Thanks again for making it this far. Honestly this little technical documentation is a part of a project from a course on freecodecamp that I needed to finish. But for me this is a part of a website that I eventually want to make for my own documentation and personal use. I wanted to get better and learn everything I can learn while I am still young to prepare myself better for the future.

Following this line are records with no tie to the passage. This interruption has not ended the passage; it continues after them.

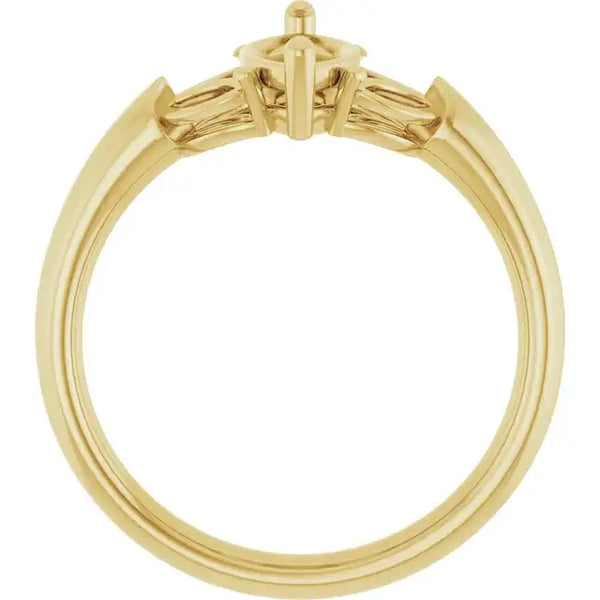 Yellow gold engagement ring setting with marquise stone holder and tapered baguette side accents.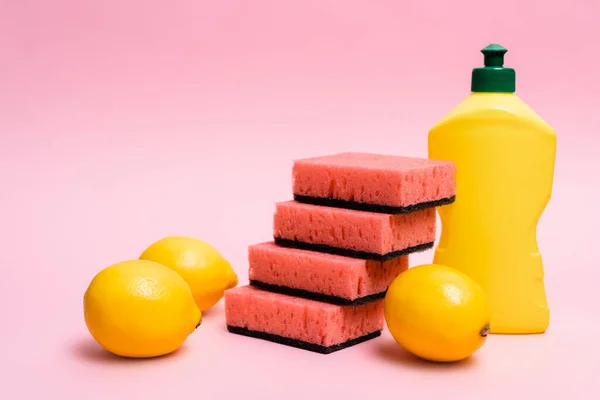 Limones frescos cerca de esponjas y líquido lavavajillas sobre fondo rosa - foto de stock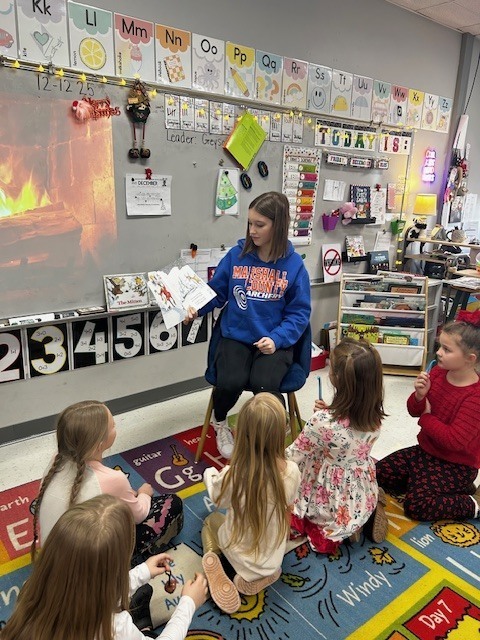 High School students reading to Elementary students
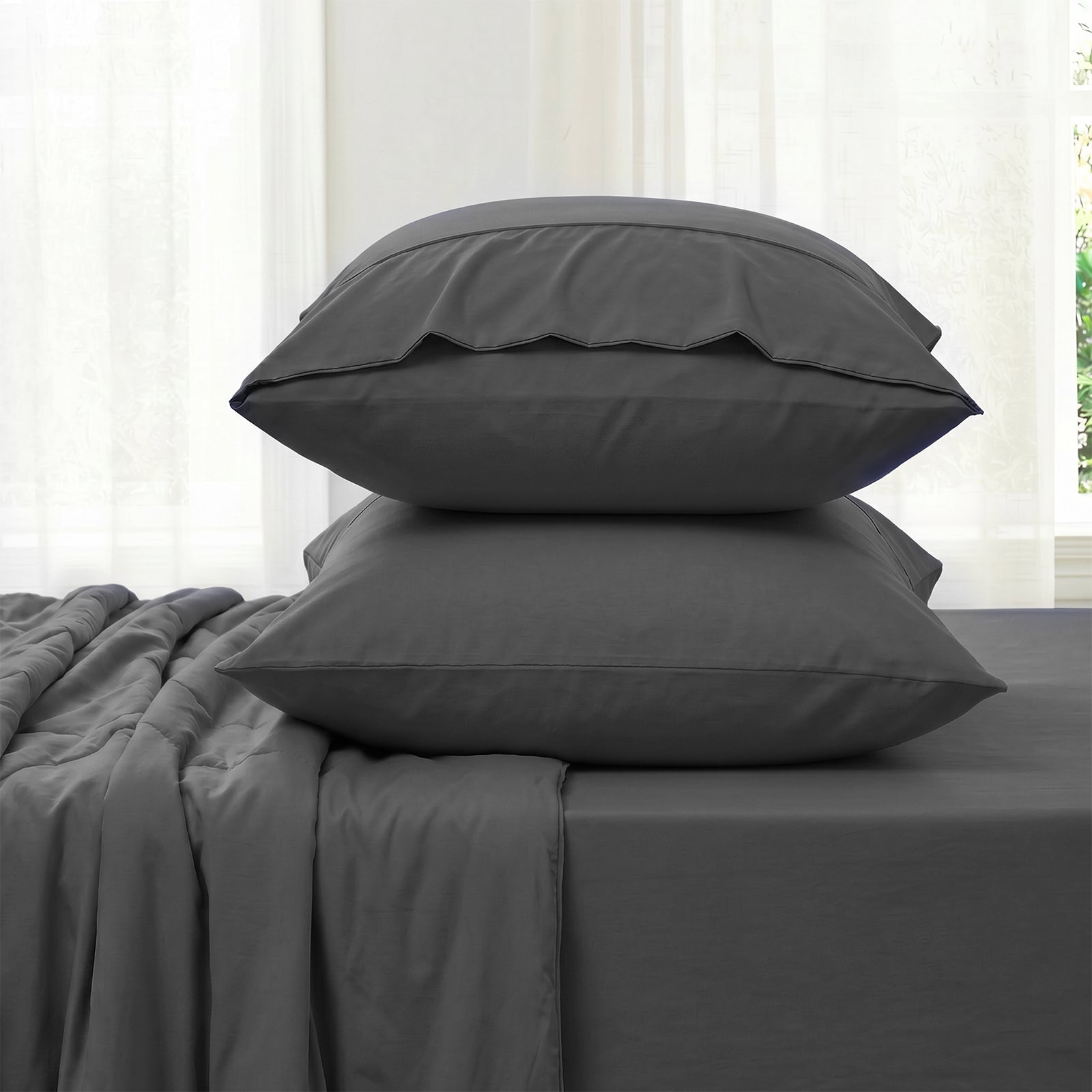 Gray bedding set with two pillowcases and fitted sheet against a white curtain background in side view.#color_Charcoal Grey
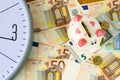 Clock, Euro banknotes and piggy bank. Concept time is money. View from above. Business, finance. Royalty Free Stock Photo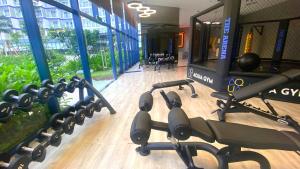 a gym with a row of exercise equipment on the floor at SUNNY SMES - Airport & Downtown in Dien Khanh +36 photos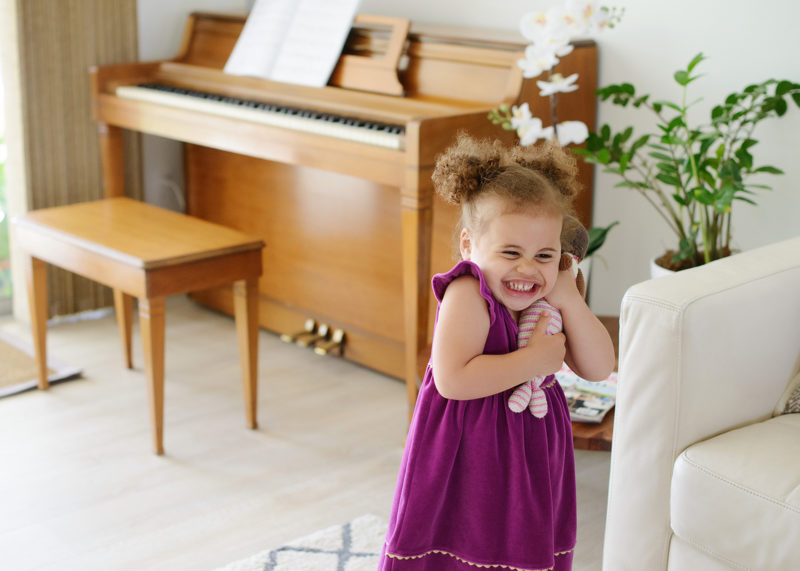 Toddler girl laughing and hugging toy with piano in background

Conquer all the tech since in the future there is nothing more valuable than knowledge itself, for me it is getting more addicting than dota to learn and consume everything. Right now I semi-finished data analyst and data science (there is no such thing as mastery I believe, no human are capable of omniscience) and now I am learning to create websites. I think next up software development, game coding, and A.I are what I have in mind for what I wanted to learn next but if you have any suggestion as to what tech would be the future then I am open to any suggestion.